#### [DESCRIPTION OF THE TASK]
The response should contain every record, reproduced exactly.

※ ※ ※

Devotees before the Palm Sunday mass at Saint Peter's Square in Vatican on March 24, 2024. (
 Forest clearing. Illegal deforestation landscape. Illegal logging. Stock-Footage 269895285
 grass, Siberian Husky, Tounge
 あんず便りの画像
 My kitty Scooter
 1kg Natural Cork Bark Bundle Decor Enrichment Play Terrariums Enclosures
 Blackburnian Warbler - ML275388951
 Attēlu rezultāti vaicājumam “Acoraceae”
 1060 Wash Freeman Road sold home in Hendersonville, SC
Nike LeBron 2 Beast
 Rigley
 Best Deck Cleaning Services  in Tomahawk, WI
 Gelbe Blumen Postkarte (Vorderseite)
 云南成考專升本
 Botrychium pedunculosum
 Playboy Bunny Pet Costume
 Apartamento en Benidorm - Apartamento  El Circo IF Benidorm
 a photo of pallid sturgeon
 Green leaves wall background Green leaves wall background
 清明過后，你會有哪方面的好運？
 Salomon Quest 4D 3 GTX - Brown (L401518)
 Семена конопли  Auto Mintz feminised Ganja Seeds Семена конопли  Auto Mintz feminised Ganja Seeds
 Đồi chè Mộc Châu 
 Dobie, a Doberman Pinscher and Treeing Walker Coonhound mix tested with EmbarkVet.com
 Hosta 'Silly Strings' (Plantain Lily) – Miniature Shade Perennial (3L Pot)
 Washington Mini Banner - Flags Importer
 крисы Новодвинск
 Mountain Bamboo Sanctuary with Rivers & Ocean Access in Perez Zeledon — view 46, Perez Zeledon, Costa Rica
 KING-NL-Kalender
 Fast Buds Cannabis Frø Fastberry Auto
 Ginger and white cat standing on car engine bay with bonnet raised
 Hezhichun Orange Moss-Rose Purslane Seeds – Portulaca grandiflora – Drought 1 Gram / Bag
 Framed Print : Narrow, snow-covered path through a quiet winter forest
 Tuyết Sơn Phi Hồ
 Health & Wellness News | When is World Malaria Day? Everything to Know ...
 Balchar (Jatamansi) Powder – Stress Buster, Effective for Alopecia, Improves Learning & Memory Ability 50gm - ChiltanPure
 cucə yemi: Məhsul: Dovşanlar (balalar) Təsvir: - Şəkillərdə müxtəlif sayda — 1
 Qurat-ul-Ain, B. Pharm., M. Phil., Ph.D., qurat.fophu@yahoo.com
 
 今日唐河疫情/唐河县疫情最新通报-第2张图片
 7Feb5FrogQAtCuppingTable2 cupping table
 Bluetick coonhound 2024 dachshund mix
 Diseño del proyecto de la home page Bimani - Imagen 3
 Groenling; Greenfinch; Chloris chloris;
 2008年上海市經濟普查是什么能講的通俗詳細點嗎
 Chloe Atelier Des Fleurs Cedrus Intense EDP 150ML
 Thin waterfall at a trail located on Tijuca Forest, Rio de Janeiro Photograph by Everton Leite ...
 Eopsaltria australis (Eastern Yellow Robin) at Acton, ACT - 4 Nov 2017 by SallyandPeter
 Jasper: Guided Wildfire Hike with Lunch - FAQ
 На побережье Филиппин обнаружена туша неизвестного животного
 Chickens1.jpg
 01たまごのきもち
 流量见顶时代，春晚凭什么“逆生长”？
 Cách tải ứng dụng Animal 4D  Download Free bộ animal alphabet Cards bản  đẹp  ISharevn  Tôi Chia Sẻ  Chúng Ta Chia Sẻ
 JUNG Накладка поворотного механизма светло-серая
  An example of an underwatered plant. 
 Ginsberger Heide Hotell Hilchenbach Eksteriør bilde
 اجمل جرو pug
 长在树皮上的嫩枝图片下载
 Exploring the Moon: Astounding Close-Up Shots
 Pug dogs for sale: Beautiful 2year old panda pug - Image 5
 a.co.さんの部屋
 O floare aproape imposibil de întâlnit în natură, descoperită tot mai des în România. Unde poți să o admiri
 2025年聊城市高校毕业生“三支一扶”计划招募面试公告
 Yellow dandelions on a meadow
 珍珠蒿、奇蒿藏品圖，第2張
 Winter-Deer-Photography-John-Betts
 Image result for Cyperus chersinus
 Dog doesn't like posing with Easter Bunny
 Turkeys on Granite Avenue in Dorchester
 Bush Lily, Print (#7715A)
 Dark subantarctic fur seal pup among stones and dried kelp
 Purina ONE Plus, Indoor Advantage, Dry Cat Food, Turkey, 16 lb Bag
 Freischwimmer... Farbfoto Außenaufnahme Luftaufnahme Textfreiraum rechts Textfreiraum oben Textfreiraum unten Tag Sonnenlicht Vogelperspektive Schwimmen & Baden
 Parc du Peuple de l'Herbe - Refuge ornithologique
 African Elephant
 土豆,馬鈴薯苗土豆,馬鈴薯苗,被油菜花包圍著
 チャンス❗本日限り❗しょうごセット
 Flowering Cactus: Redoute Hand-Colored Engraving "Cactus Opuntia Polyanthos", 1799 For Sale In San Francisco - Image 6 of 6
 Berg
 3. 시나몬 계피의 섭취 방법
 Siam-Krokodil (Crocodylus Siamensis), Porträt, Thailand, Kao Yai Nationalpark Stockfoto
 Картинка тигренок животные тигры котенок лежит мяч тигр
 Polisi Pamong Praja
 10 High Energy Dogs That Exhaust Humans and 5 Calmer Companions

※ ※ ※

#### [EXERCISE OUTPUT]
Devotees before the Palm Sunday mass at Saint Peter's Square in Vatican on March 24, 2024. (
 Forest clearing. Illegal deforestation landscape. Illegal logging. Stock-Footage 269895285
 grass, Siberian Husky, Tounge
 あんず便りの画像
 My kitty Scooter
 1kg Natural Cork Bark Bundle Decor Enrichment Play Terrariums Enclosures
 Blackburnian Warbler - ML275388951
 Attēlu rezultāti vaicājumam “Acoraceae”
 1060 Wash Freeman Road sold home in Hendersonville, SC
Nike LeBron 2 Beast
 Rigley
 Best Deck Cleaning Services  in Tomahawk, WI
 Gelbe Blumen Postkarte (Vorderseite)
 云南成考專升本
 Botrychium pedunculosum
 Playboy Bunny Pet Costume
 Apartamento en Benidorm - Apartamento  El Circo IF Benidorm
 a photo of pallid sturgeon
 Green leaves wall background Green leaves wall background
 清明過后，你會有哪方面的好運？
 Salomon Quest 4D 3 GTX - Brown (L401518)
 Семена конопли  Auto Mintz feminised Ganja Seeds Семена конопли  Auto Mintz feminised Ganja Seeds
 Đồi chè Mộc Châu 
 Dobie, a Doberman Pinscher and Treeing Walker Coonhound mix tested with EmbarkVet.com
 Hosta 'Silly Strings' (Plantain Lily) – Miniature Shade Perennial (3L Pot)
 Washington Mini Banner - Flags Importer
 крисы Новодвинск
 Mountain Bamboo Sanctuary with Rivers & Ocean Access in Perez Zeledon — view 46, Perez Zeledon, Costa Rica
 KING-NL-Kalender
 Fast Buds Cannabis Frø Fastberry Auto
 Ginger and white cat standing on car engine bay with bonnet raised
 Hezhichun Orange Moss-Rose Purslane Seeds – Portulaca grandiflora – Drought 1 Gram / Bag
 Framed Print : Narrow, snow-covered path through a quiet winter forest
 Tuyết Sơn Phi Hồ
 Health & Wellness News | When is World Malaria Day? Everything to Know ...
 Balchar (Jatamansi) Powder – Stress Buster, Effective for Alopecia, Improves Learning & Memory Ability 50gm - ChiltanPure
 cucə yemi: Məhsul: Dovşanlar (balalar) Təsvir: - Şəkillərdə müxtəlif sayda — 1
 Qurat-ul-Ain, B. Pharm., M. Phil., Ph.D., qurat.fophu@yahoo.com
 
 今日唐河疫情/唐河县疫情最新通报-第2张图片
 7Feb5FrogQAtCuppingTable2 cupping table
 Bluetick coonhound 2024 dachshund mix
 Diseño del proyecto de la home page Bimani - Imagen 3
 Groenling; Greenfinch; Chloris chloris;
 2008年上海市經濟普查是什么能講的通俗詳細點嗎
 Chloe Atelier Des Fleurs Cedrus Intense EDP 150ML
 Thin waterfall at a trail located on Tijuca Forest, Rio de Janeiro Photograph by Everton Leite ...
 Eopsaltria australis (Eastern Yellow Robin) at Acton, ACT - 4 Nov 2017 by SallyandPeter
 Jasper: Guided Wildfire Hike with Lunch - FAQ
 На побережье Филиппин обнаружена туша неизвестного животного
 Chickens1.jpg
 01たまごのきもち
 流量见顶时代，春晚凭什么“逆生长”？
 Cách tải ứng dụng Animal 4D  Download Free bộ animal alphabet Cards bản  đẹp  ISharevn  Tôi Chia Sẻ  Chúng Ta Chia Sẻ
 JUNG Накладка поворотного механизма светло-серая
  An example of an underwatered plant. 
 Ginsberger Heide Hotell Hilchenbach Eksteriør bilde
 اجمل جرو pug
 长在树皮上的嫩枝图片下载
 Exploring the Moon: Astounding Close-Up Shots
 Pug dogs for sale: Beautiful 2year old panda pug - Image 5
 a.co.さんの部屋
 O floare aproape imposibil de întâlnit în natură, descoperită tot mai des în România. Unde poți să o admiri
 2025年聊城市高校毕业生“三支一扶”计划招募面试公告
 Yellow dandelions on a meadow
 珍珠蒿、奇蒿藏品圖，第2張
 Winter-Deer-Photography-John-Betts
 Image result for Cyperus chersinus
 Dog doesn't like posing with Easter Bunny
 Turkeys on Granite Avenue in Dorchester
 Bush Lily, Print (#7715A)
 Dark subantarctic fur seal pup among stones and dried kelp
 Purina ONE Plus, Indoor Advantage, Dry Cat Food, Turkey, 16 lb Bag
 Freischwimmer... Farbfoto Außenaufnahme Luftaufnahme Textfreiraum rechts Textfreiraum oben Textfreiraum unten Tag Sonnenlicht Vogelperspektive Schwimmen & Baden
 Parc du Peuple de l'Herbe - Refuge ornithologique
 African Elephant
 土豆,馬鈴薯苗土豆,馬鈴薯苗,被油菜花包圍著
 チャンス❗本日限り❗しょうごセット
 Flowering Cactus: Redoute Hand-Colored Engraving "Cactus Opuntia Polyanthos", 1799 For Sale In San Francisco - Image 6 of 6
 Berg
 3. 시나몬 계피의 섭취 방법
 Siam-Krokodil (Crocodylus Siamensis), Porträt, Thailand, Kao Yai Nationalpark Stockfoto
 Картинка тигренок животные тигры котенок лежит мяч тигр
 Polisi Pamong Praja
 10 High Energy Dogs That Exhaust Humans and 5 Calmer Companions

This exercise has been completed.